▶ _Source material_
* * * * *

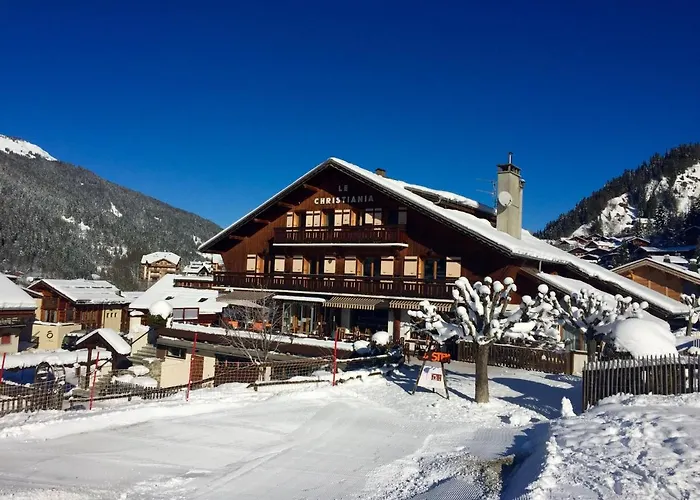 Hotel Le Christiania Les Contamines-Montjoie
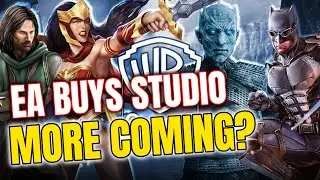 EA Buys A WB Games Studio - Will More Be Sold?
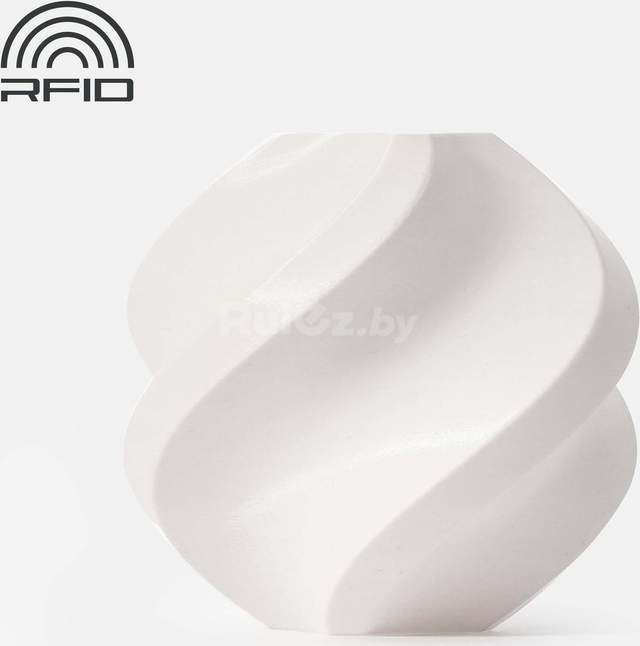 Филамент Bambu Lab PLA Basic A00-W1-1.75-1000-SPL (1.75 мм, 1 кг, нефритово-белый)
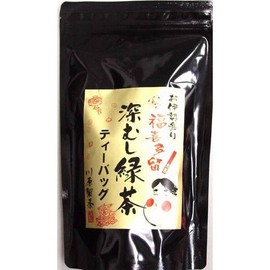 Kawahara Seicha Fukukitaro Deep Steamed Green Tea, 0.2 oz (5 g) x 40 Packets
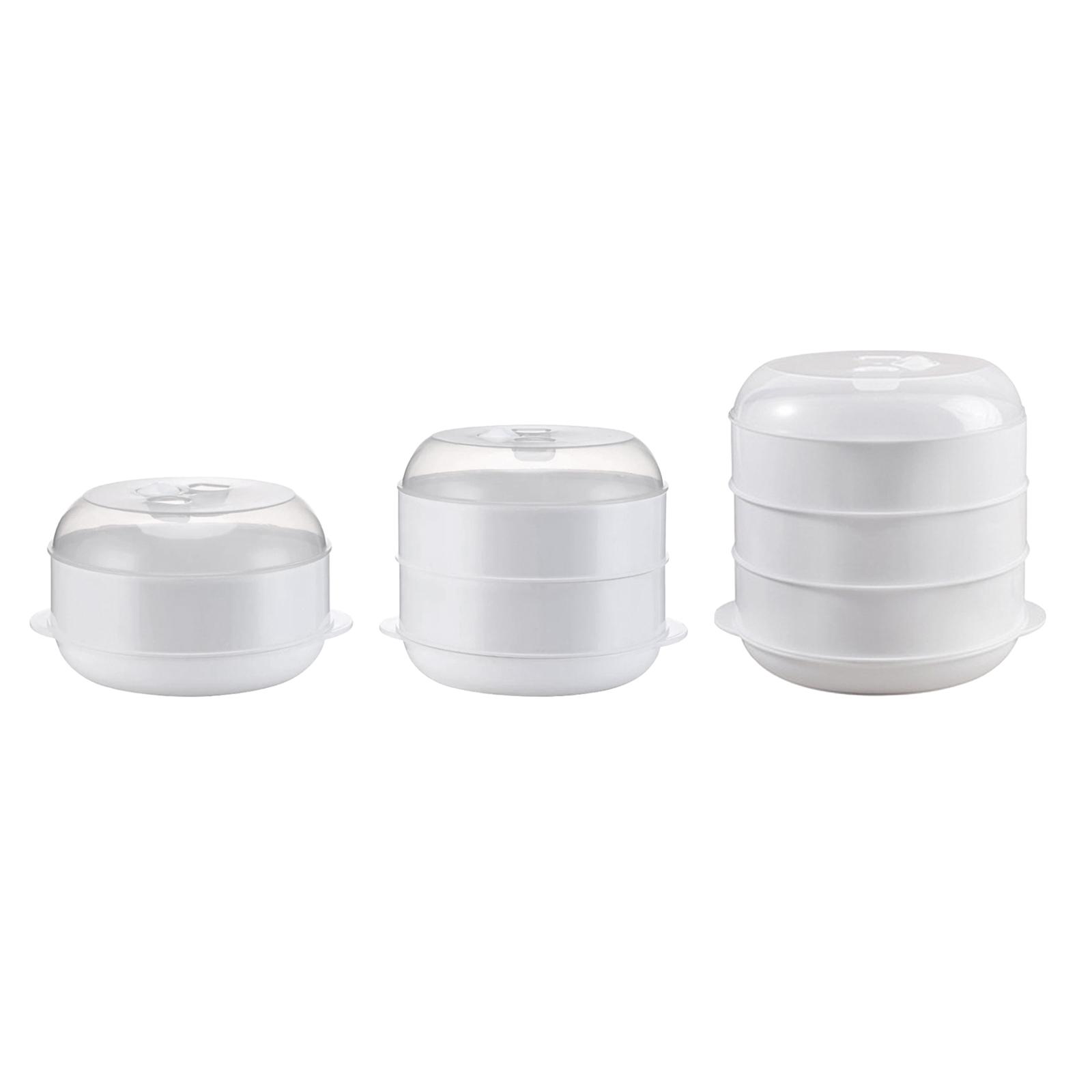 Stackable Microwave Food Steam - Meal Prep Quick review and price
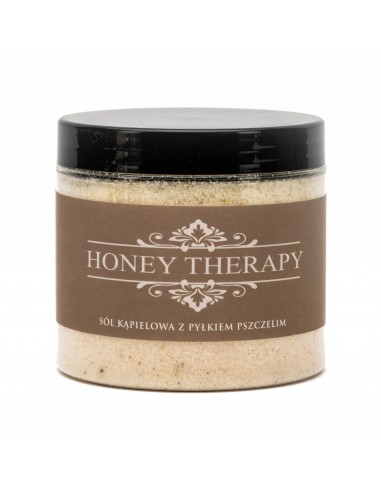 S&oacute;l do kąpieli z pyłkiem pszczelim i kolagenem...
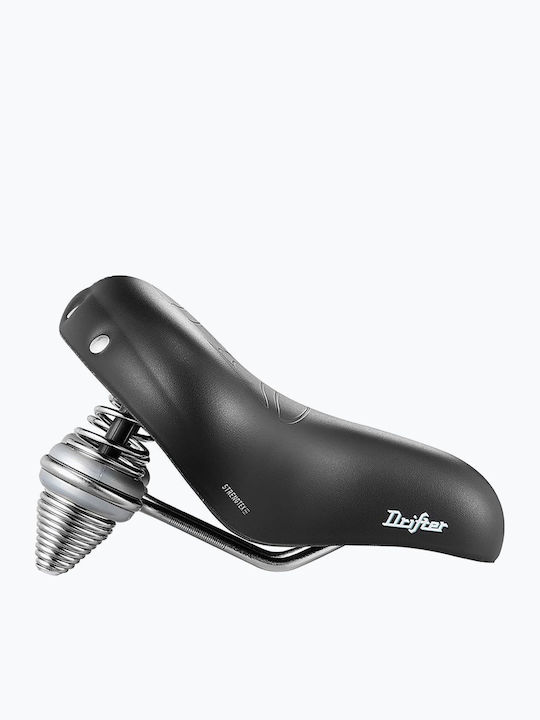 Selle Royal Bicycle Saddle Black 251 x 221 mm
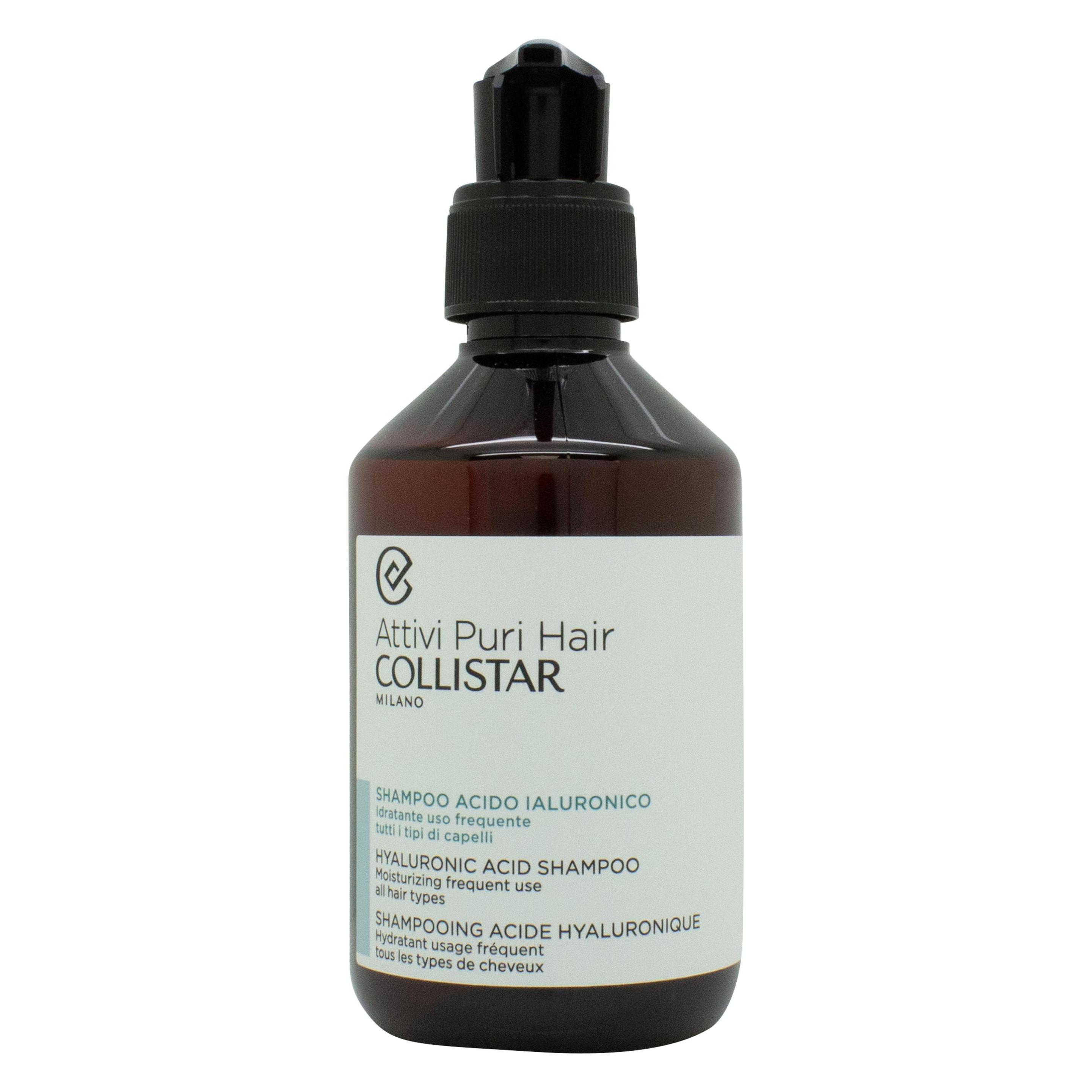 Collistar Hair Care Hyaluronic Acid Shampoo 250 ml (Flüssiges Shampoo, 250 ml) (K29730)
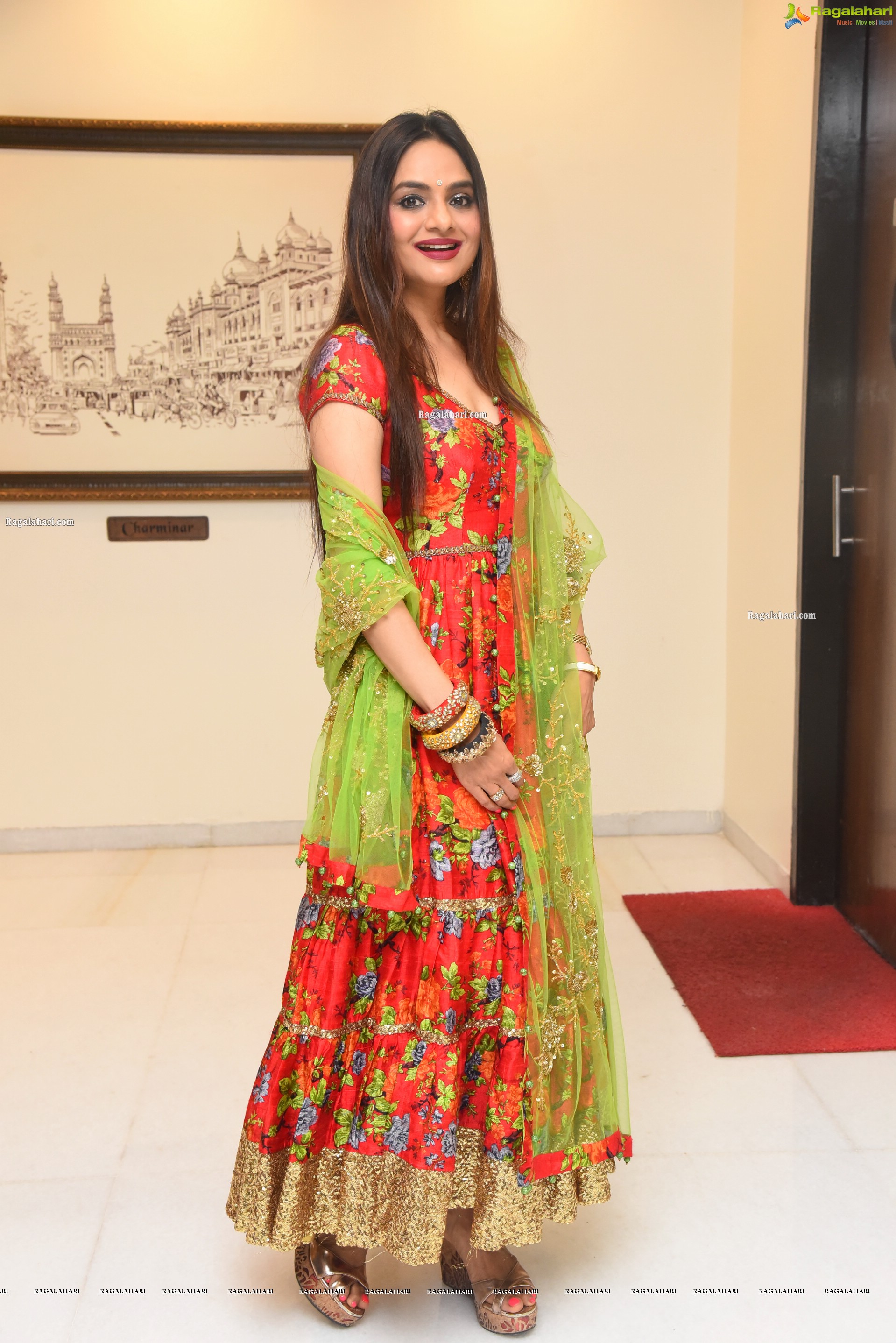 Madhubala at College Kumar Pre-Release Event - HD Gallery
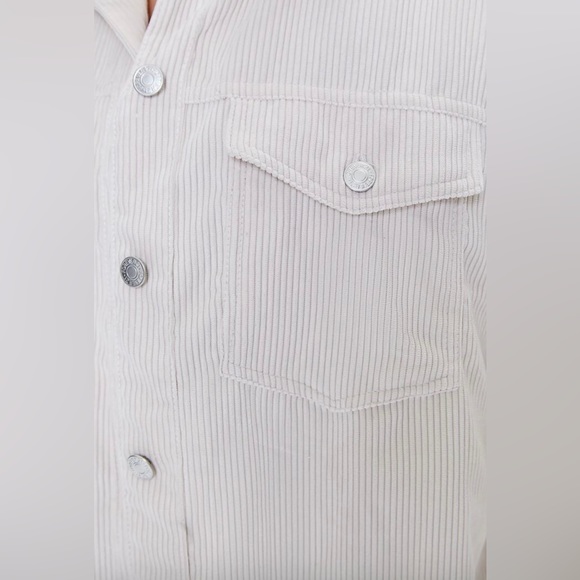 Brand New Cordroy Button Front Jacket - Picture 2 of 8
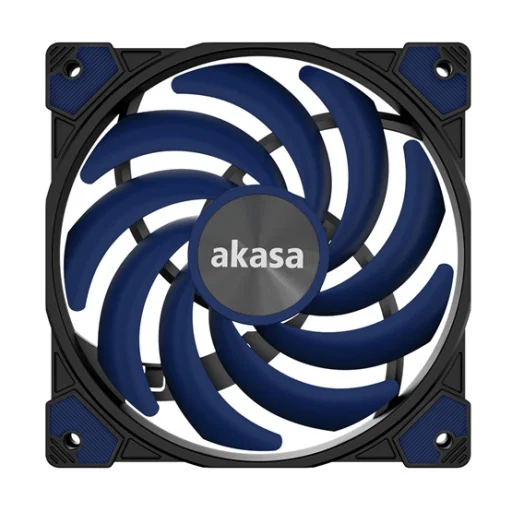 FAN Akasa - Case Fan - 12cm - Alucia XS12 Blue - AK-FN122-BL - 2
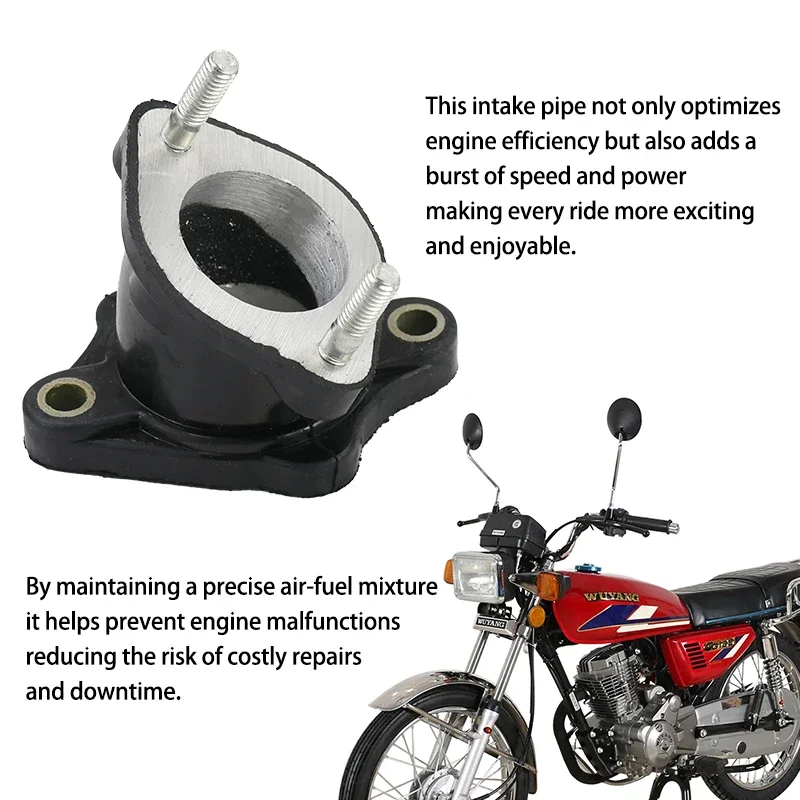 ONLEEYPP دراجة نارية سبائك الألومنيوم 30 مللي متر محرك كمية الأنابيب ل حفرة الترابية دراجة ATV رباعية مشتركة المنوع دراجة نارية الملحقات #5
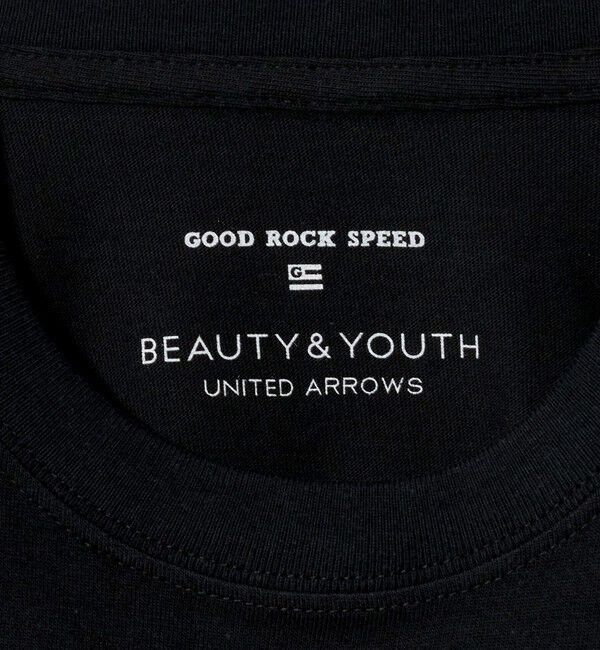 BEAUTY&YOUTH UNITED ARROWS「【別注】＜GOOD ROCK SPEED＞Marilyn Monroe/ロングスリーブ Tシャツ」|Tシャツ・カットソー|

* * * * *

▶ _Requirement_
Starting at the line that contains "Selle Royal Bicycle" and ending at the final line of the data, reproduce each line exactly. Pictures stay out of the copy.

▶ _Written response_
 Selle Royal Bicycle Saddle Black 251 x 221 mm
 Collistar Hair Care Hyaluronic Acid Shampoo 250 ml (Flüssiges Shampoo, 250 ml) (K29730)
 Madhubala at College Kumar Pre-Release Event - HD Gallery
 Brand New Cordroy Button Front Jacket - Picture 2 of 8
 FAN Akasa - Case Fan - 12cm - Alucia XS12 Blue - AK-FN122-BL - 2
 ONLEEYPP دراجة نارية سبائك الألومنيوم 30 مللي متر محرك كمية الأنابيب ل حفرة الترابية دراجة ATV رباعية مشتركة المنوع دراجة نارية الملحقات #5
 BEAUTY&YOUTH UNITED ARROWS「【別注】＜GOOD ROCK SPEED＞Marilyn Monroe/ロングスリーブ Tシャツ」|Tシャツ・カットソー|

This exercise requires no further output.